_Assignment_
Give the data back exactly. Leave out any images.
(Beginning of Recorded data)
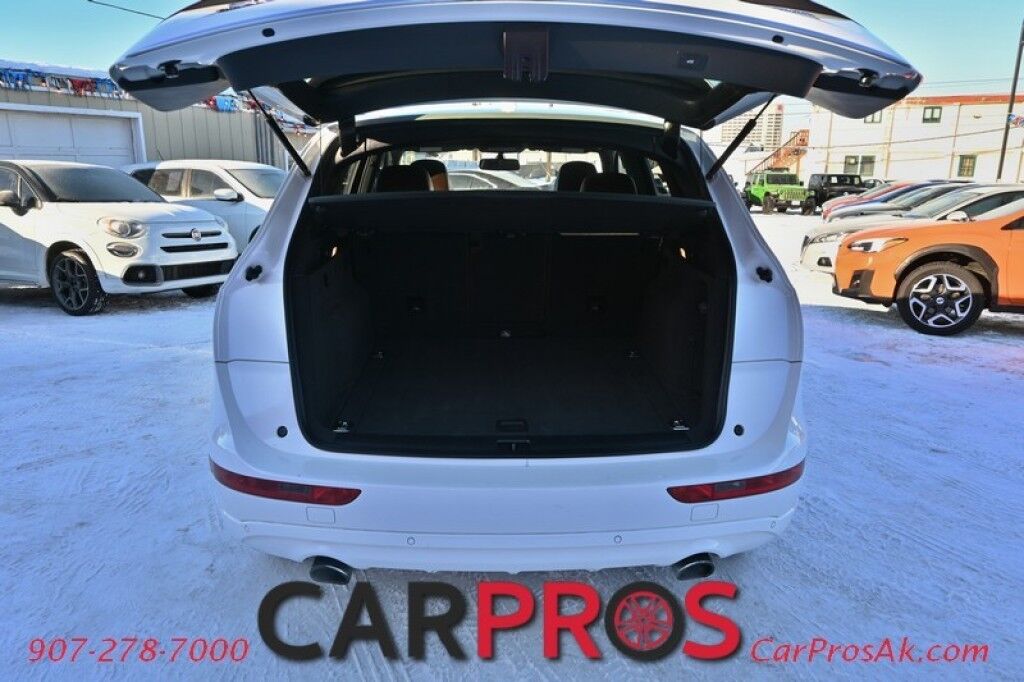 2017 Audi Q5 Premium Quattro AWD - Convenience Pkg - Navigation - Power & Heated Leather Seats - Keyless Entry w/ Push To Start - Panoramic Sunroof - Bluetooth - Backup Camera - 1-Owner Anchorage AK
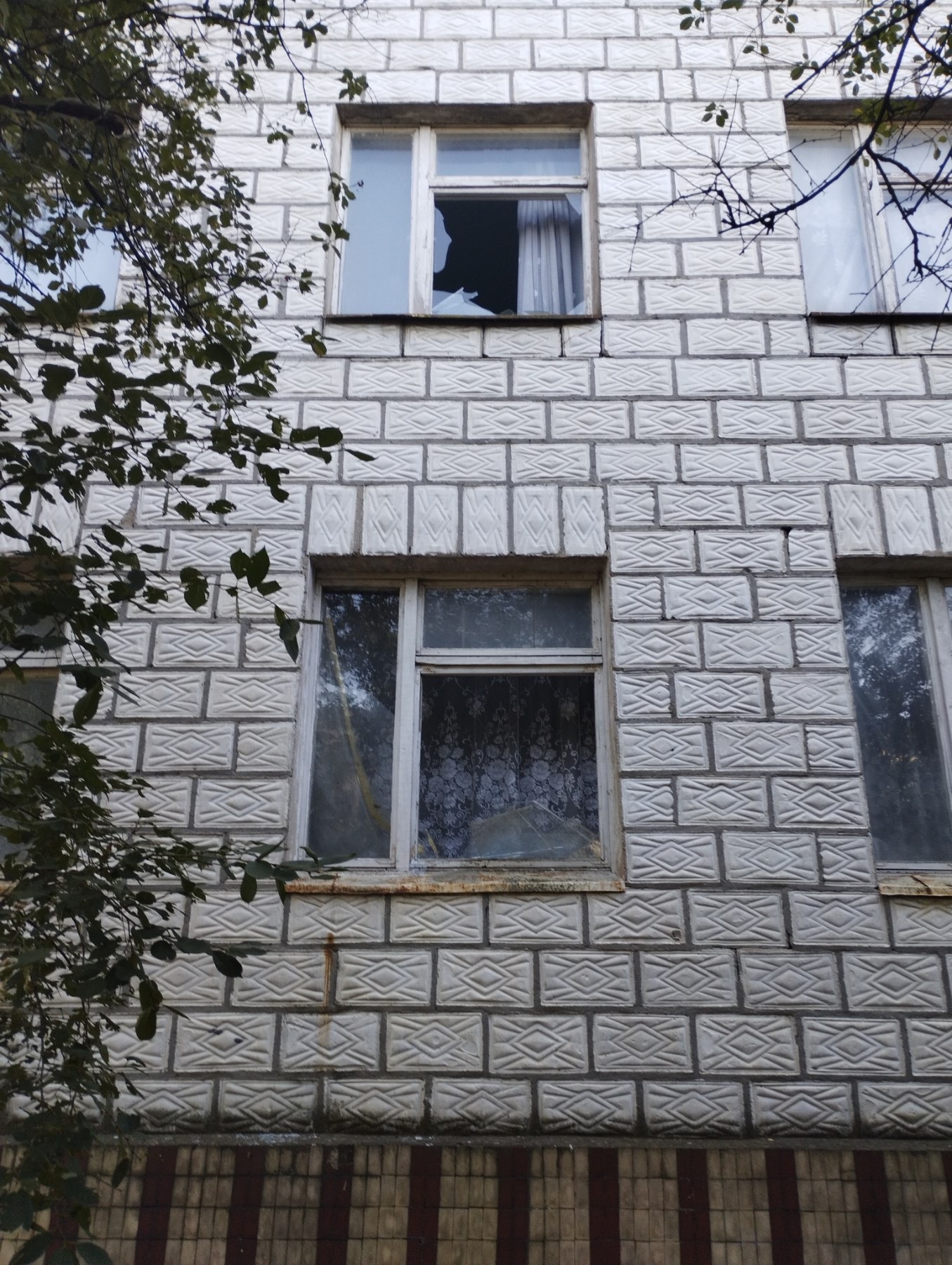 У місті Татарбунари через ракетну атаку постраждало училище: оголошено благодійний збір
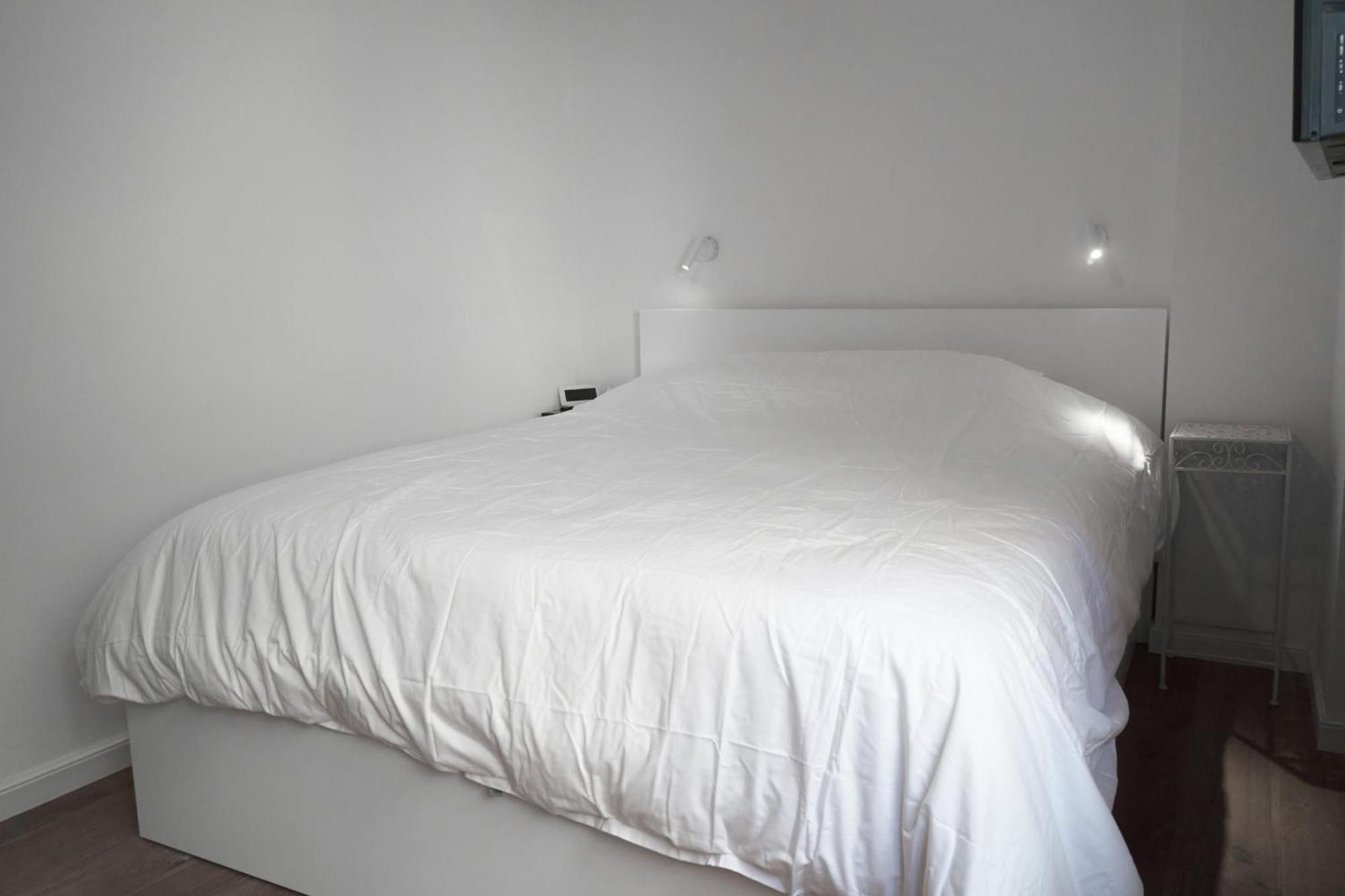 Refined Gordon 1br With Balcony By Feelhome Tel Aviv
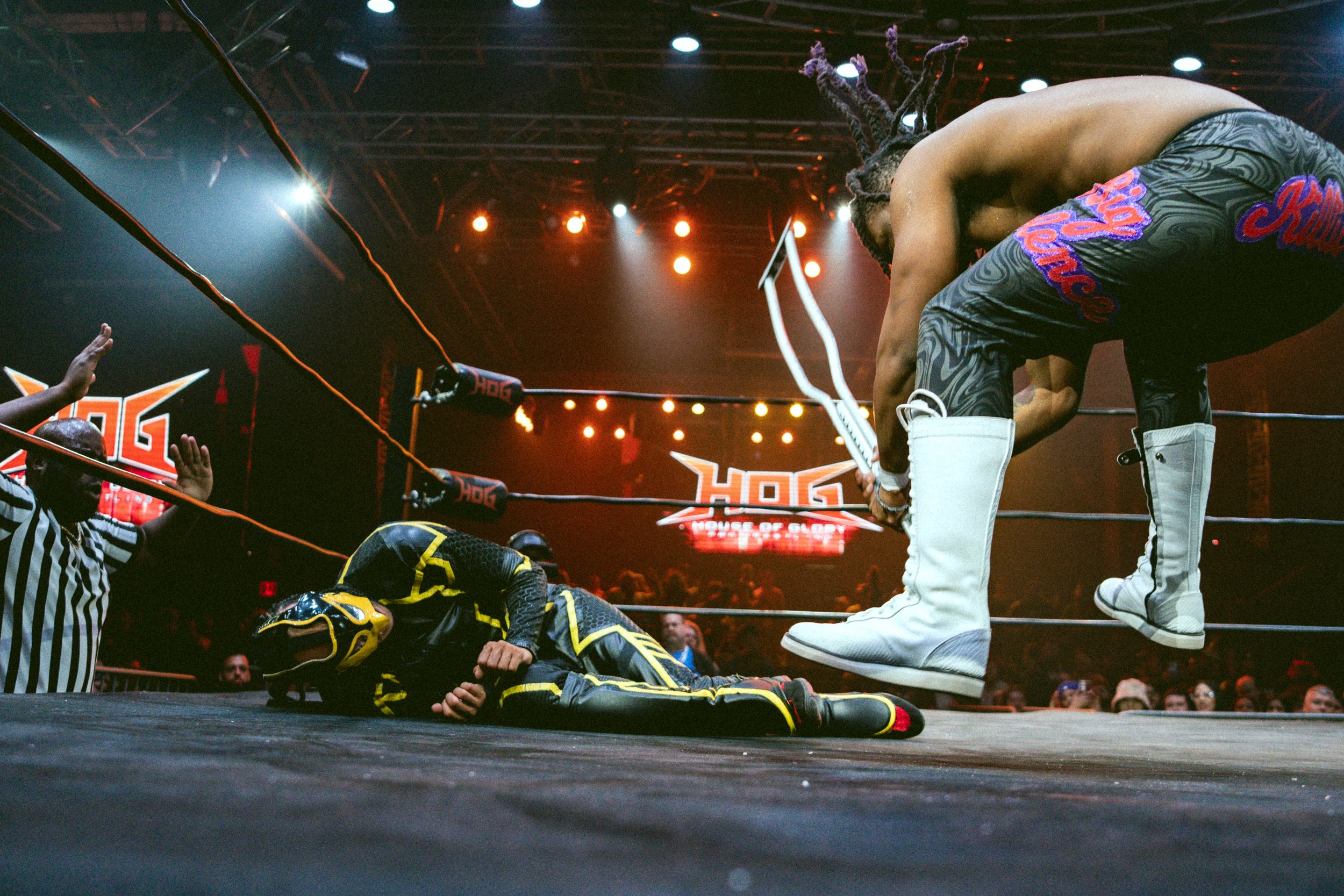 2024.12.20- HOG_Live For the Moment_00501_6-Way.jpg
(End of Recorded data)
_Answer for the task_
 2017 Audi Q5 Premium Quattro AWD - Convenience Pkg - Navigation - Power & Heated Leather Seats - Keyless Entry w/ Push To Start - Panoramic Sunroof - Bluetooth - Backup Camera - 1-Owner Anchorage AK
 У місті Татарбунари через ракетну атаку постраждало училище: оголошено благодійний збір
 Refined Gordon 1br With Balcony By Feelhome Tel Aviv
 2024.12.20- HOG_Live For the Moment_00501_6-Way.jpg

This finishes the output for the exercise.